In this module we will first familiarize ourselves with basic (and at times advanced) features of a shell and shell scripting, and then review a few key aspects that particularly relate to reproducibility. We will examine what constitutes good control over commands execution: knowing which command actually was run, what conditions could have potentially affected its execution, inspecting the available history of the commands, and verifying that a script did not complete while hiding a failed interim execution.
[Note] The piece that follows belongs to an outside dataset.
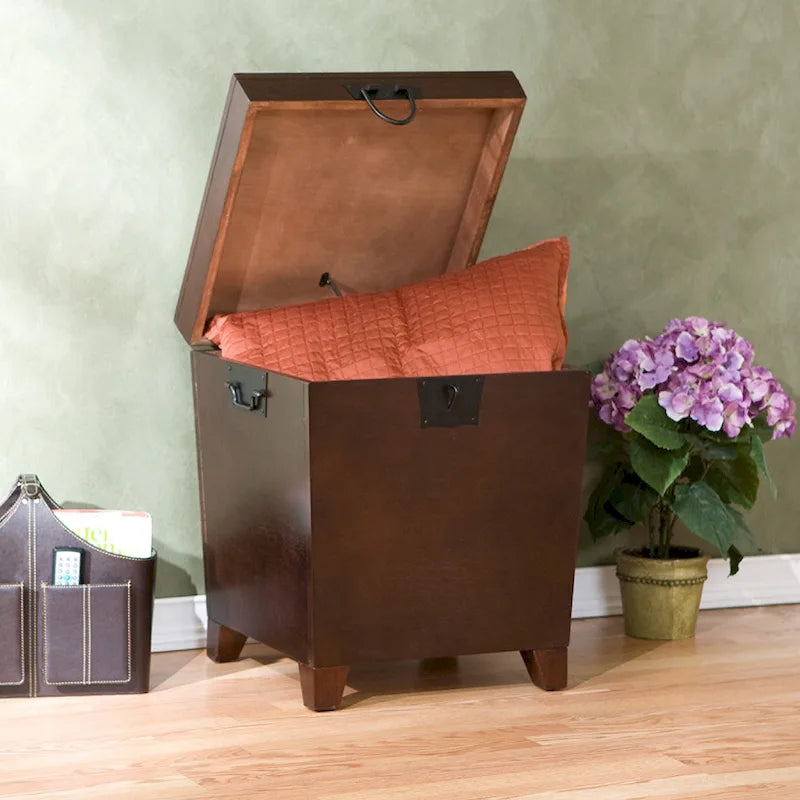 Espresso Storage Trunk Side Table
External teaching materials

Before going through the rest of this lesson, you should learn the basics of shell usage and scripting. The following lesson provides a good overview of all basic concepts. Even if you are familiar with shell and shell scripting, please review the materials of the lesson and try to complete all exercises in it, especially if you do not know correct answers to them right away:

Additional materials

If you are interested in knowing more about the history and features of various shells, please review the materials under following external links:

Relevant Books:

Commonly used shells and their relevance to existing neuroimaging projects

References

Additional materials

Challenges

How can you determine what shell are you currently in?

% echo $SHELL

How do you change the current shell of your current session?

You just start it. For example:

% tcsh

would enter a new tcsh session. You can exit it and return to your previous shell by typing exit or just pressing Ctrl-d.

How do you change the login shell (the one you enter when you login) for your account?

% chsh

What is a shebang?

It is the first line in the script, which starts with #! and is followed by the command interpreting the script, e.g. if a file blah begins with the following:

#!/bin/bash
echo "Running this script using bash"

then running ./blah is analogous to calling /bin/bash ./blah . The string “#!” is read out loud as “hash-bang” and therefore is shortened to “shebang.”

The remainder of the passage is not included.